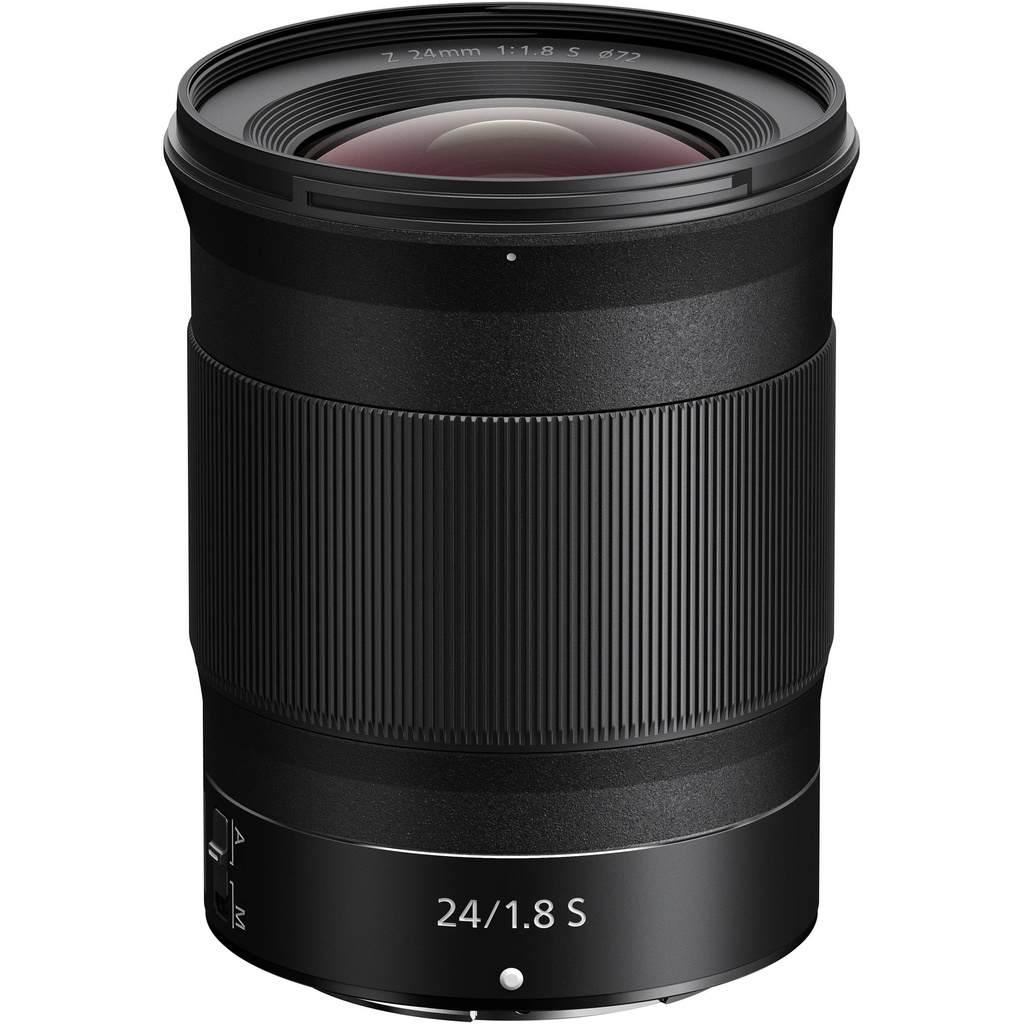 Nikon NIKKOR Z 24mm 1:1,8 S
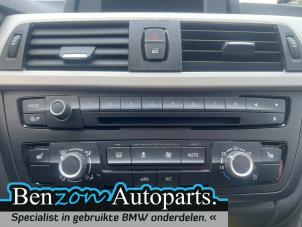 Used Air conditioning control panel BMW 3 serie Touring (F31) 320i 2.0 16V Price € 181,50 Inclusive VAT offered by Benzon Autodemontage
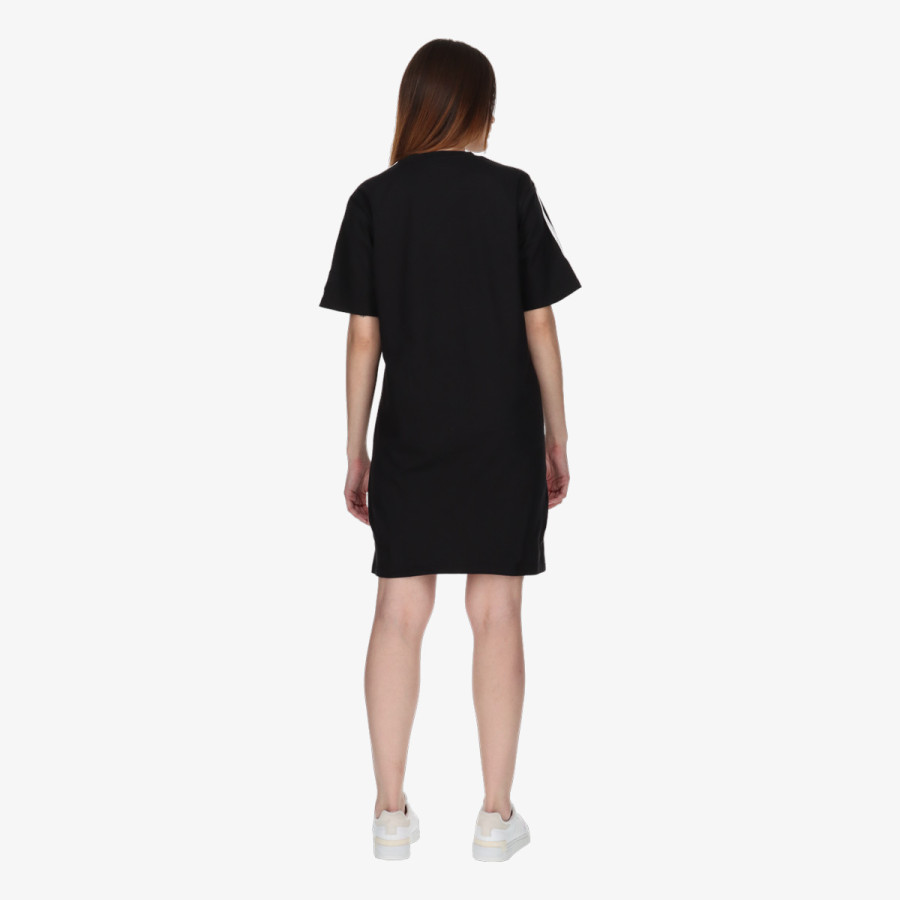 ADIDAS Rochii ESSENTIALS 3-STRIPES SINGLE JERSEY BOYFRIEND TEE DRESS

* WHAT YOU SHOULD DO:
Retype the data shown above exactly, excluding any picture it contains.

* RESULT:
 Nikon NIKKOR Z 24mm 1:1,8 S
 Used Air conditioning control panel BMW 3 serie Touring (F31) 320i 2.0 16V Price € 181,50 Inclusive VAT offered by Benzon Autodemontage
 ADIDAS Rochii ESSENTIALS 3-STRIPES SINGLE JERSEY BOYFRIEND TEE DRESS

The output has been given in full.